Sur son premier, le troisième de la course, de grande noblesse et à la charge longue, moins dépourvu de présence que celui qu’avait affronté Ferrera en début de course, il y eut d’abord deux chiculinas d’entame, lentes, au geste très décomposé, de grande beauté. Puis à la muleta, une première série énorme, le tissu ramassé, Roca Rey toréant près de soi dans un terrain réduit au maximum, la muleta gorgée de toreria et de profondeur, ce qui n’est pas nécessairement la marque de ce torero. Il y reviendra, à la série suivante, après un changement de main, lors de naturelles, quelques unes vraiment dessinées et lentes, et d’un pecho superbe et templé, avant de reprendre avec une grande lenteur, dans des gestes d’une douceur exquise. Cette première moitié de fanea fut, pour moi, un sommet. Sans se déliter du tout, le rythme baisse un peu ensuite, mais pas la manière. Le public est conquis et Roca Rey s’enivre de soi, tournant le dos au sitio en bombant le torse, marchant de son pas de héron en se chaloupant un peu façon Aldo Maccione. C’est la parade de qui ne sait pas manifester autrement sa joie profonde de ce qu’il vient d’accomplir. Engagement à l’épée, qui résulte un peu basse mais dont l’efficacité roule le toro par terre. Deux oreilles d’évidence, vuelta al toro (tout à fait ridicule) et tour de piste triomphal pour le torero.

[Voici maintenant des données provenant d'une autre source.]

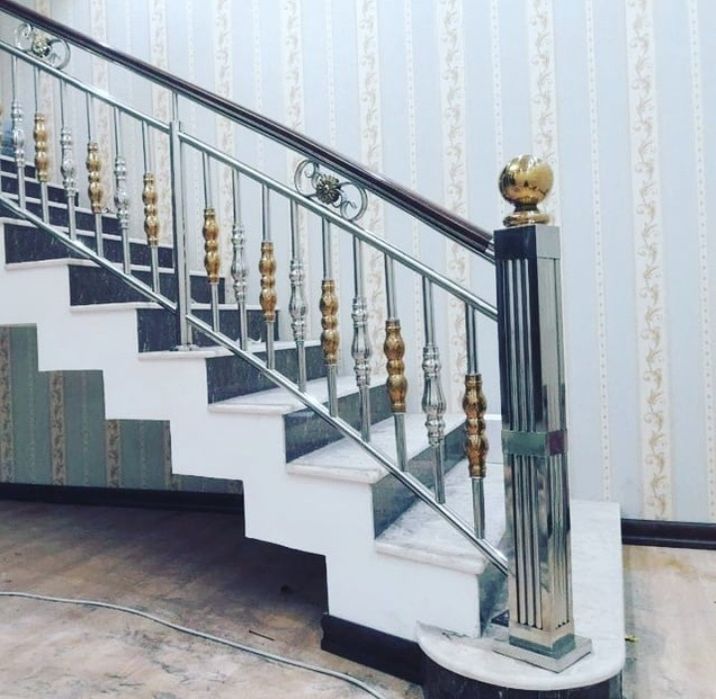 Перила из нержавейки стали .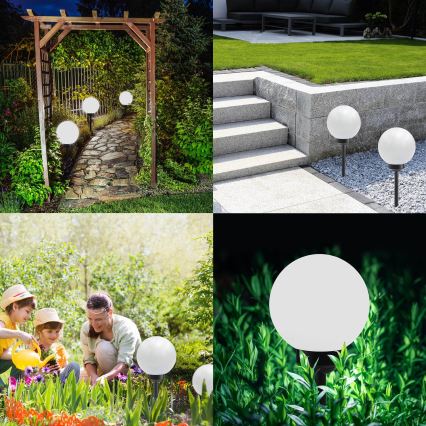 LED Solárna lampa SOLIS LED/0,24W/1,2V 300mAh pr. 15 cm IP44
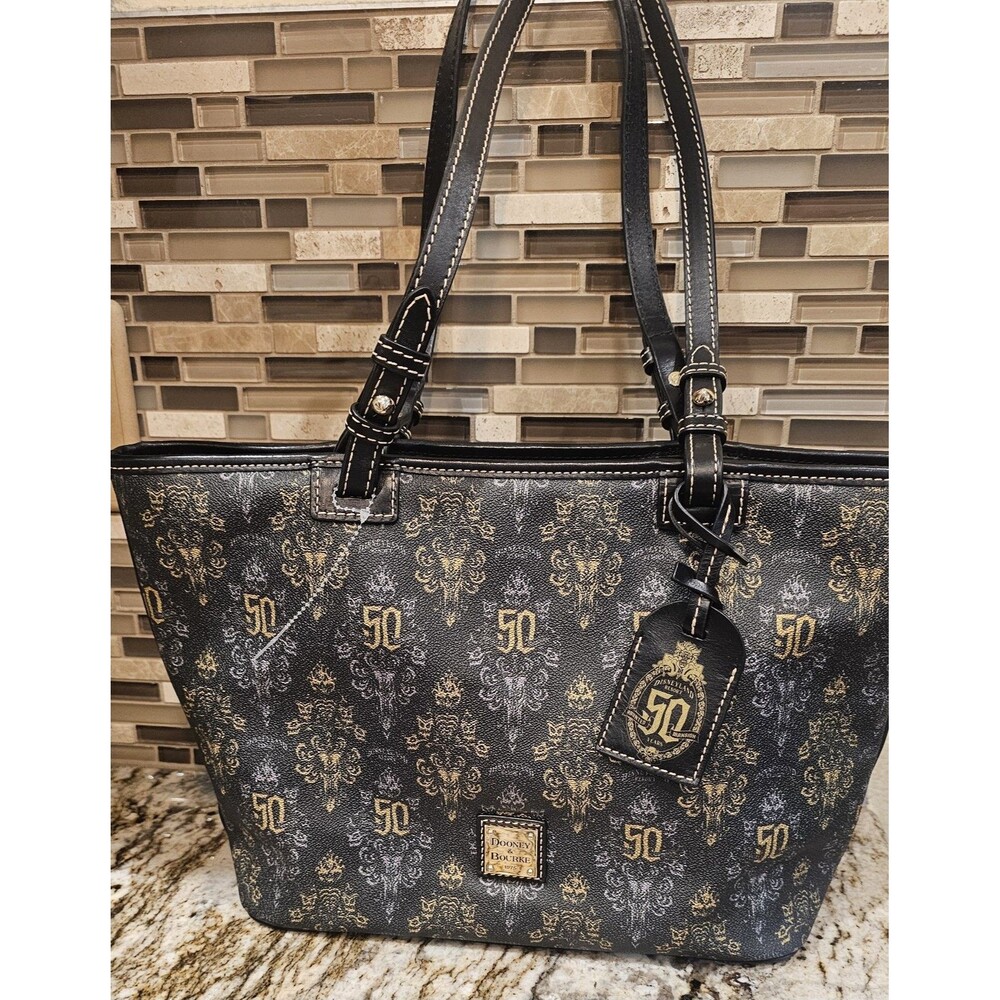 Disney Haunted Mansion 50th Anniversary Dooney & Bourke Tote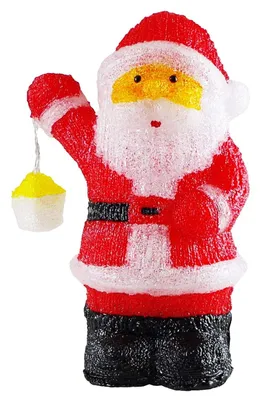 Immagine prodotto di 80 LED figura di Babbo Natale / Father Christmas in acrilico IP44 per interni ed esterni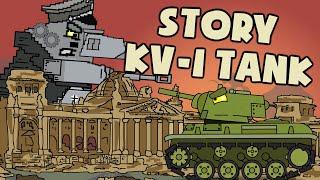 Story of Kliment Voroshilov KV-1 Tank - Cartoons about tanks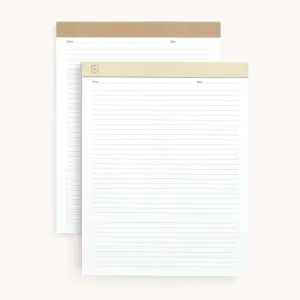 Legal Pad Set - Ivory & Fawn Dapperdesk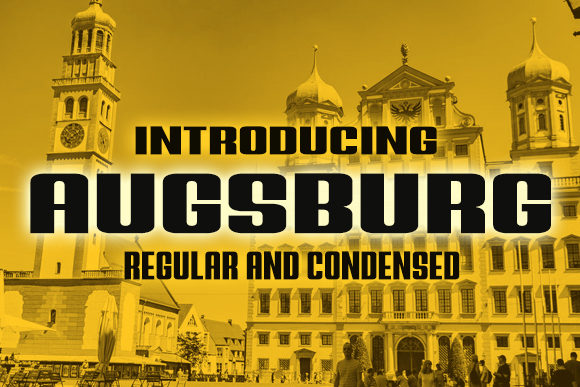 Augsburg: A Bold and Thick Display Font for Web Design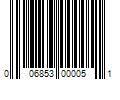 Barcode Image for UPC code 006853000051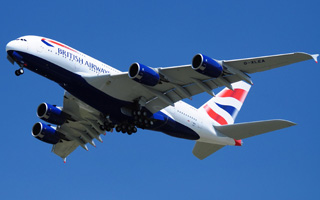 LA380 de British Airways commence sa carrire long-courrier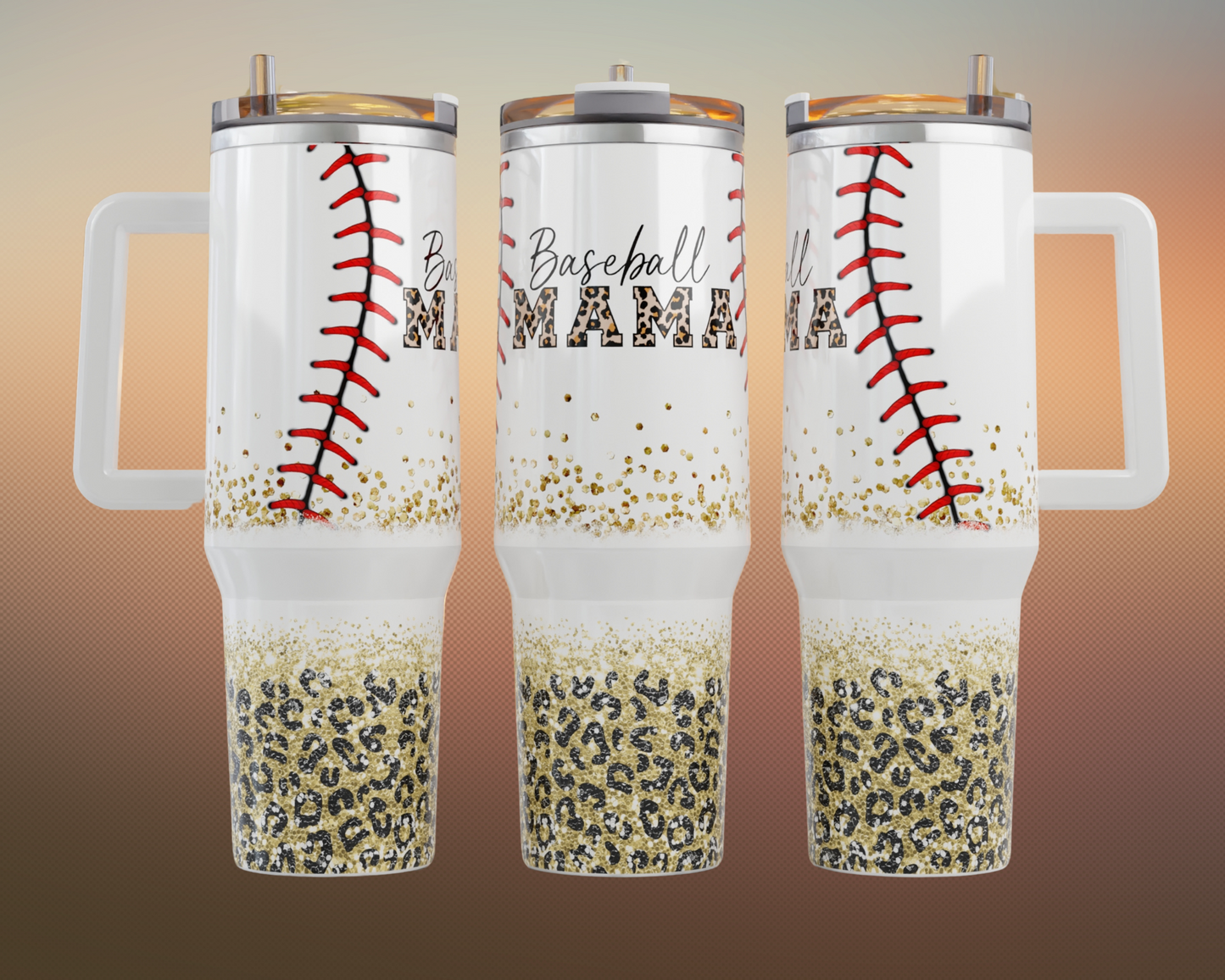 40 oz Baseball Mama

Le sixième fut le véritable et seul toro de la course. Bien mieux présenté que les précédents (seul le cinquième « tirait un peu sa corne » du jeu), armé, donc, un joli trapio, de la bravoure et de l’allant en dépit d’un problème de pattes qui nous fit craindre le pire durant le premier tiers. Le toro se retape aux banderilles dont une paire, superbe, la troisième, fit se lever le gradin. Roca Rey, qui fut salué par une triple ola de festons de pierres romaines, tant le public était avide d’un nouveau triomphe, nous récompensa de cette attente confiante par une faena essentiellement gauchère, très construite, allant a mas, toreant avec de plus en plus de temple et de douceur, servant des pechos puissants où le toro s’aimante, avant de terminer par des luquesinas, épée jetée au sol, le corps bien droit, les passes alternant d’une main à l’aute, Roca Rey au centre de ces medios, comme un bailador flamenco qui prend feu. Très belle épée. Triomphe (deux oreilles). Sans doute cette faena n’a-t-elle pas atteint les sommets de lenteur, de grâce et -quelquefois- de profondeur de la première mais un toro de bien plus grande présence lui a donné un très grand cachet. Le toro en fut récompensé par une vuelta, à mon sens très méritée, et Roca Rey était heureux comme un gosse. Il ne songeait même plus, durant sa vuelta triomphale, à roucouler des hanches comme Aldo Maccione. Il redevenait lui-même. Un jeune homme épatant au destin duquel l’aficion est, aujourdhui, suspendue.